A mock-up of the mizzen boom scissor crutch in the workroom tent. The finished crutch will be placed under the mizzen boom to support and secure it and the gaff when not in use.
Wednesday, May 27
Mattis is working on a new dresser unit (top and middle) that will be used in one of the guest cabins. The original was missing, so this had to be newly made. The drawers (above) belong to another unit that goes in the owner’s cabin. These, along with the rest of the unit, are all original.
In the galley, the electrical wiring is being installed, and the frame for the stove is in the building process. The stove uses a gimbal so it will be able to tilt with the movement of the boat. The frame shown here is a mock-up of the stove unit to make sure the tilting action will have enough space to swing.
Nat is working on all the details that go into the running rigging and main stays. Just as with the woodwork, the detail, all done by hand, is astonishing.

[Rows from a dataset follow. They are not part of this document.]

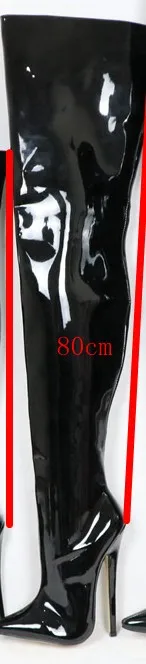 80cm Sorbern/пикантные Фетиш-сапоги; женские высокие ботинки для трансвеститов; высокие сапоги унисекс на заказ; 18 см; 12 см; туфли на высоком каблуке-шпильке - Цвет: 80cm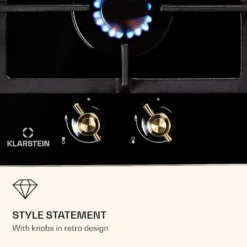 Klarstein Gaskochfeld Gasherd Einbau - Sabaf-Brenner - Erdgas/Propangas - Automatische Abschaltung - Gusseisen - Glaskeramik Retro-Look - 2-flammig - Schwarz Einbau Gas Kochfeld Gasherd 2 Platten Kochfelder Herdplatte Kochplatte Einbaukochfeld -Bosch Verkäufe 77a2a9f4382ee6bfda3973be6ee4b0cb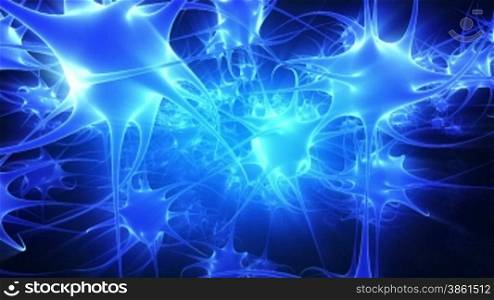 Durchleuchtung des Inneren eines Gehirns. Darstellung in leuchtender blauer Farbe.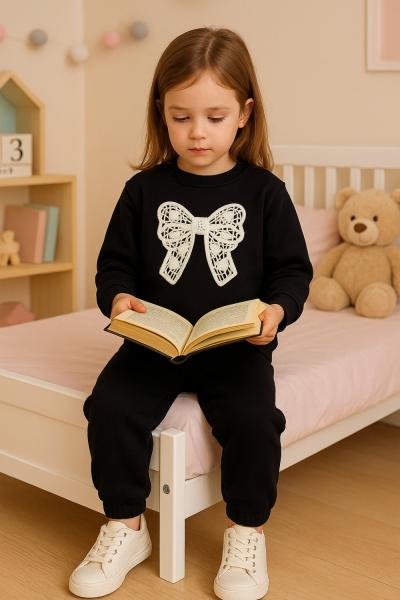 NAKIŞ FİYONKLU İKİ İP PENYE KIZ TAKIM Siyah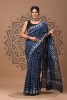 Chanderi Silk Saree - Hand Block Indigo Tides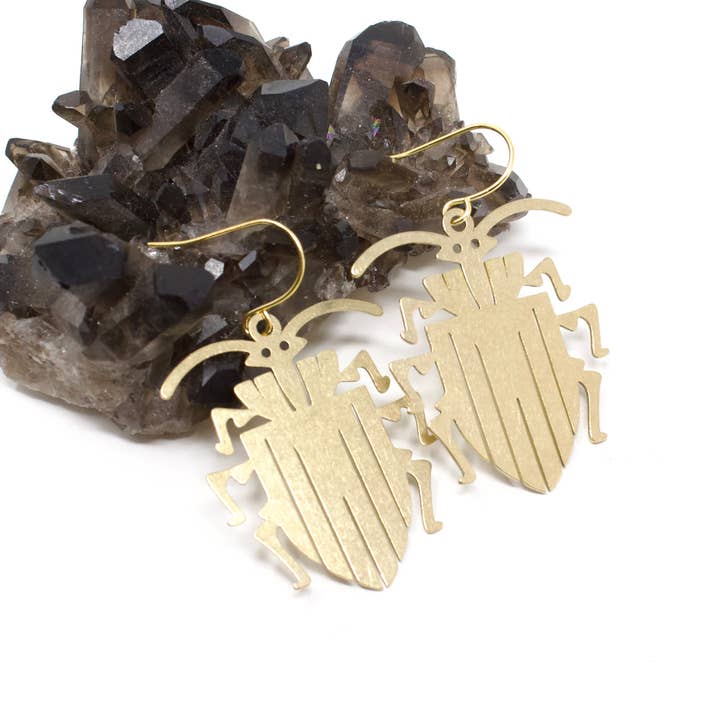 Crafts & Love - Wholesale Dangle Earrings - Brass Beetle Earrings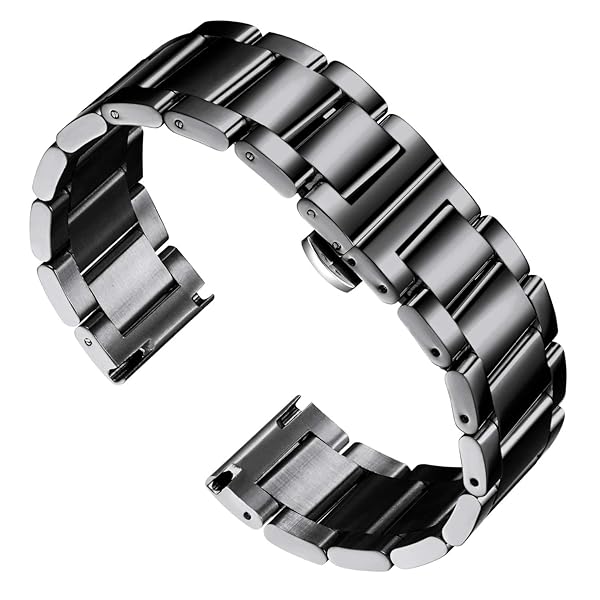 BINLUN Thick Stainless Steel Watch Band Replacement for Men Women Polished Black 20MM Heavy Matte Brushed Finish 16mm to 26mm Sizes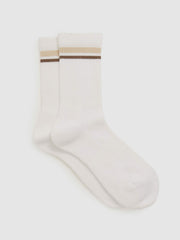 Cotton-Blend Striped Crew Socks White | Womens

Saito is polishing Cynara’s metal parts. Keeping the parts clean and well-oiled is part of the maintenance that Japanese members of the team are learning to keep Cynara ship-shape for years to come. It is a constant and never-ending job.
Thursday, May 28
Billy is preparing the anchor locker in the prow, where the chain will be stored when the anchor isup. He’s lining the locker with rubber to protect the wood from the heavy chain.
Monday, June 1
Chuck and Nat do a lot of preparation before each step of installing the rigging.
Richard is doing the inboard framing of the portholes.
The anchor chains consist of two lengths of 115 meters each. Saito is attaching markers at 10-meter intervals prior to loading them on Cynara.